> Instructions for the task: What is needed is an exact transcription of the listing, with the images removed.

> Dataset section:
————————
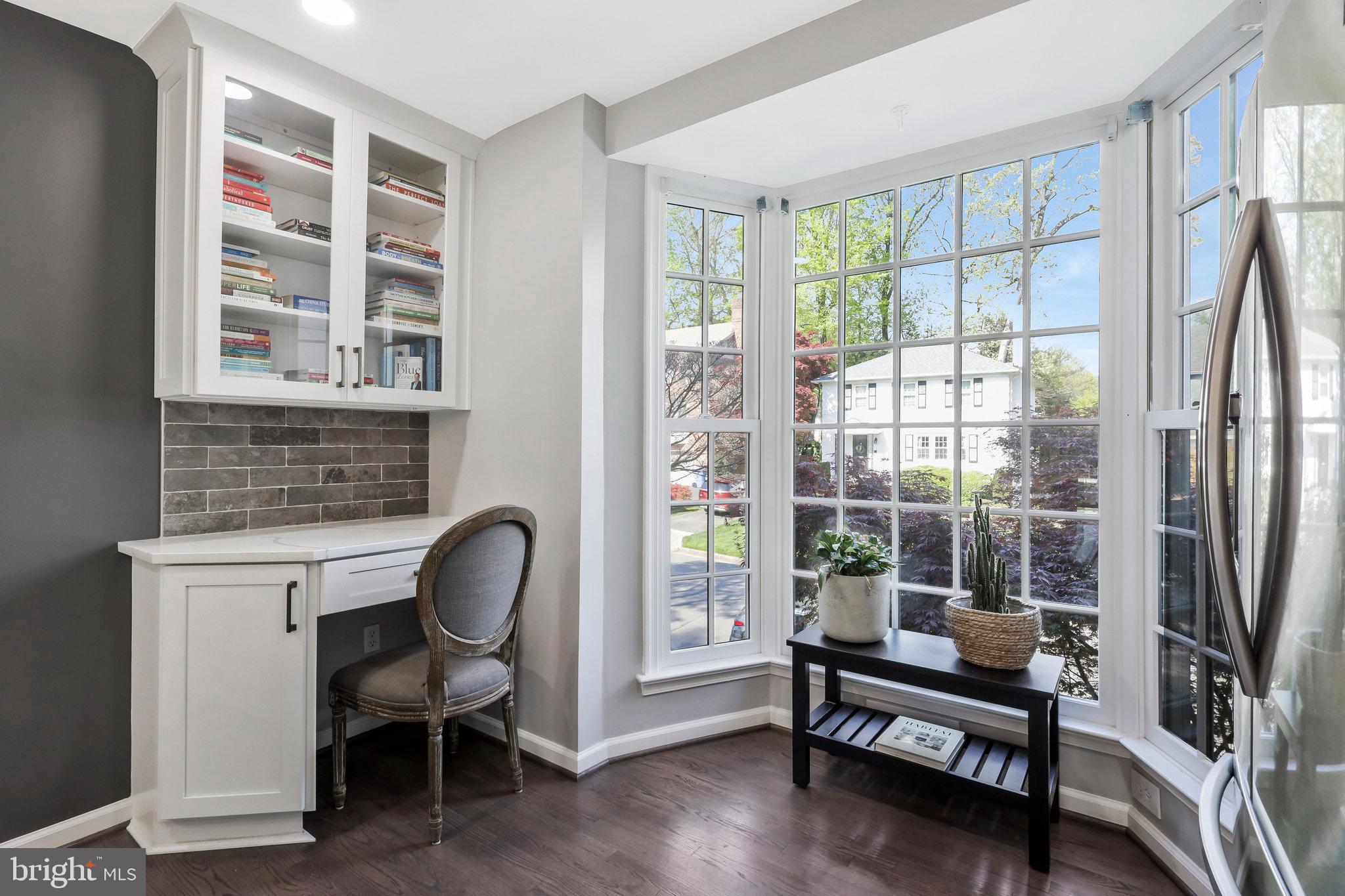 1119 Randolph Road McLean, VA 22101 - Photo 12 of 42 Workspace in the kitchen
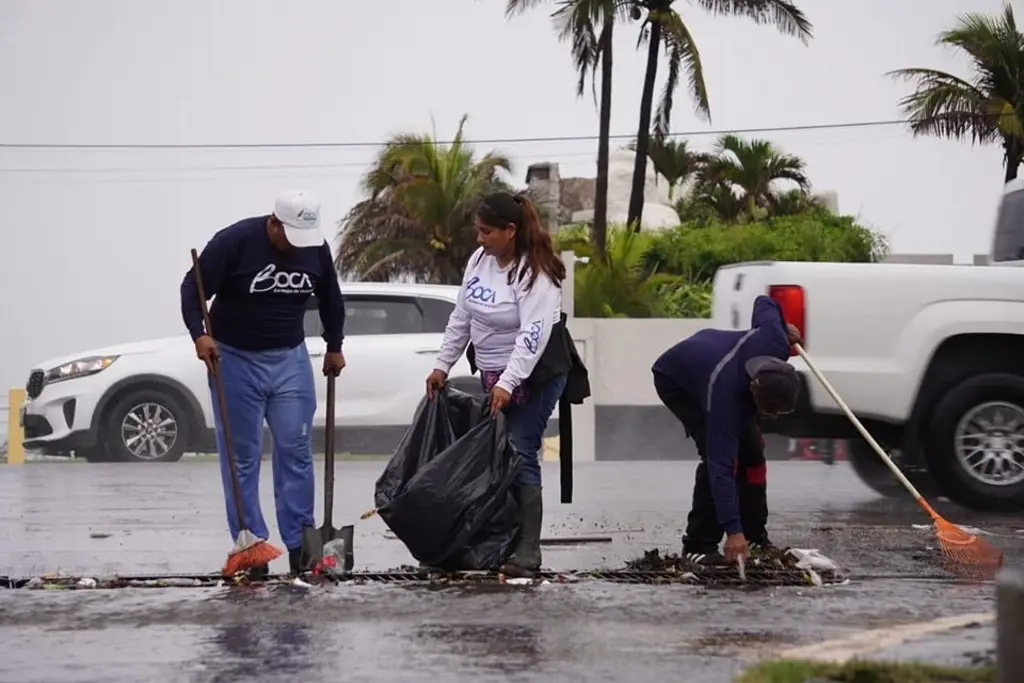 Imagen Cuadrillas atienden afectaciones por lluvias en Boca del Río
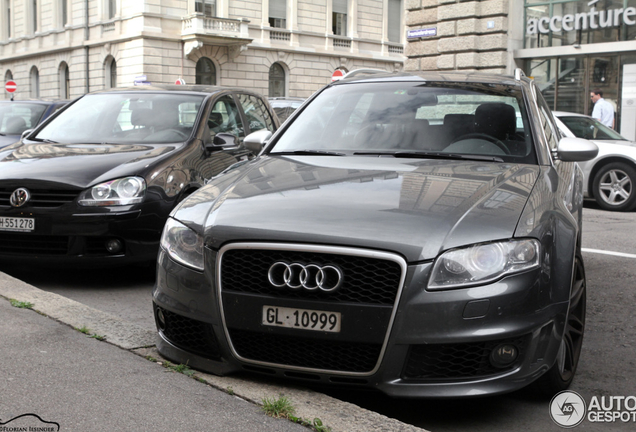 Audi RS4 Avant B7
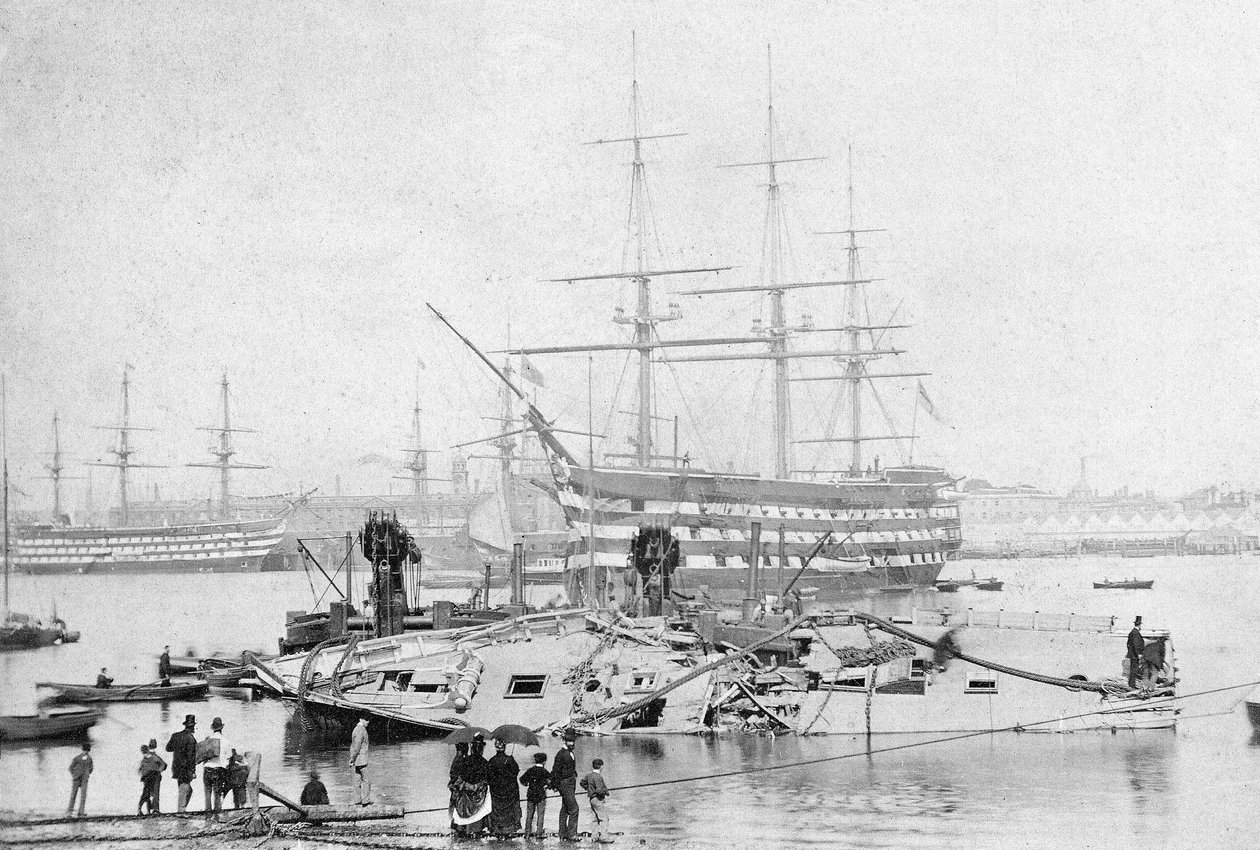 HMS Victory dans le port de Portsmouth, vers 1870 - English Photographer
————————
> Problem solution:
 1119 Randolph Road McLean, VA 22101 - Photo 12 of 42 Workspace in the kitchen
 Imagen Cuadrillas atienden afectaciones por lluvias en Boca del Río
 Audi RS4 Avant B7
 HMS Victory dans le port de Portsmouth, vers 1870 - English Photographer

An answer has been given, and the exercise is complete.